#### Problem to work on:
Reproduce the entire listing exactly. Leave the pictures out.

#### Given material:
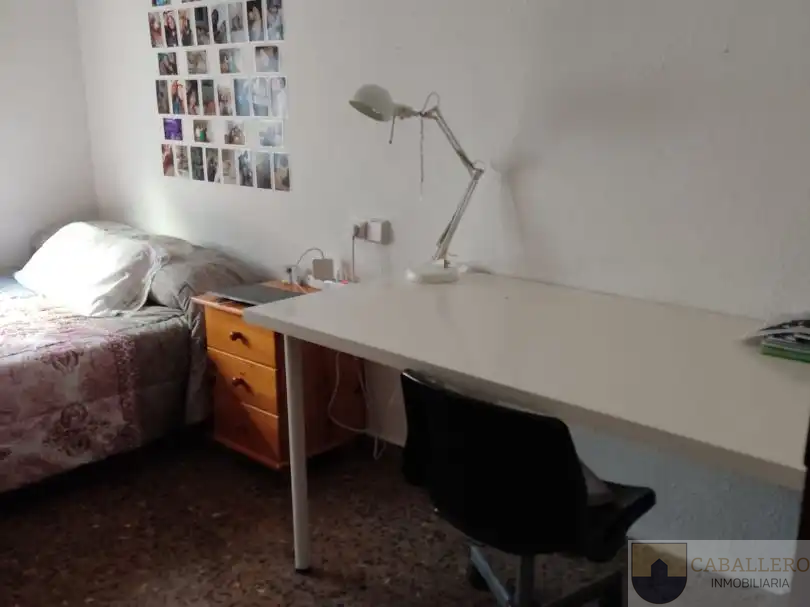 Alquiler de piso en Murcia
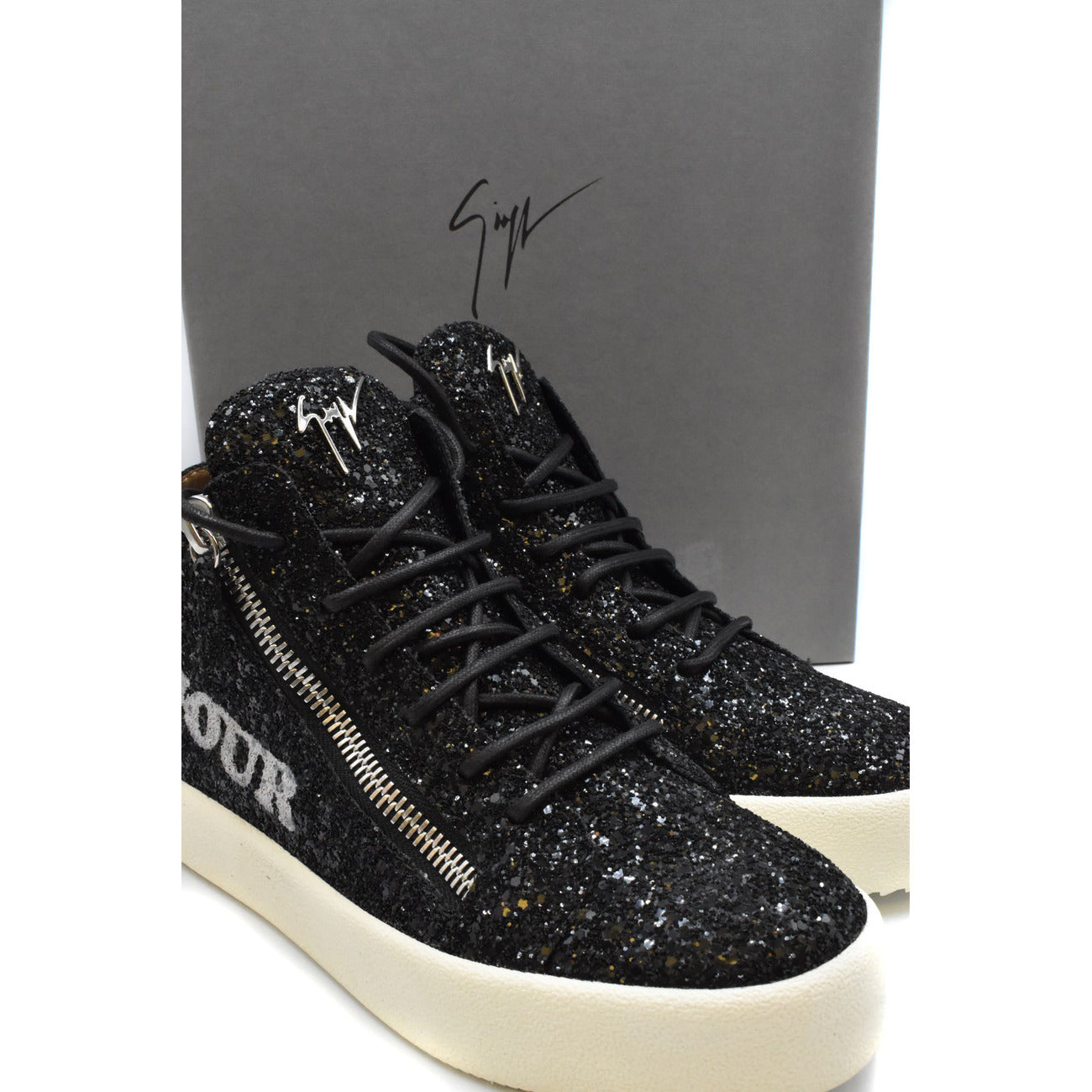 Giuseppe Zanotti - Giuseppe Zanotti  Sneakers Donna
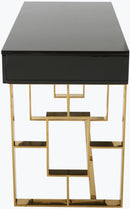 Audrey Lacquer Desk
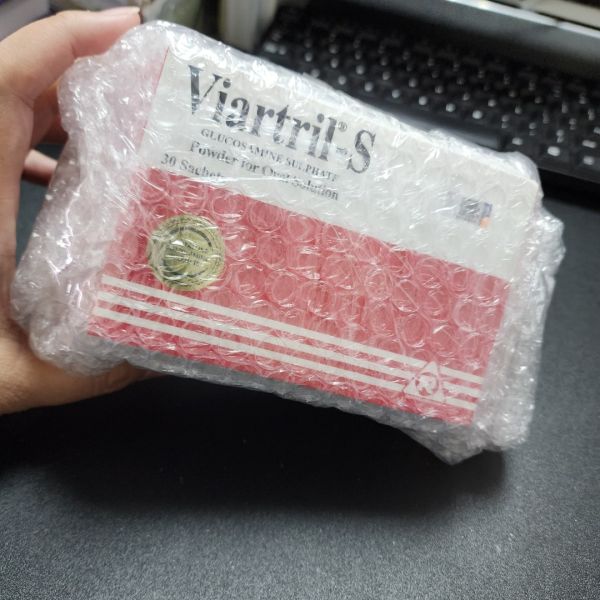 Buyer review image 2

#### Your solution:
 Alquiler de piso en Murcia
 Giuseppe Zanotti - Giuseppe Zanotti  Sneakers Donna
 Audrey Lacquer Desk
 Buyer review image 2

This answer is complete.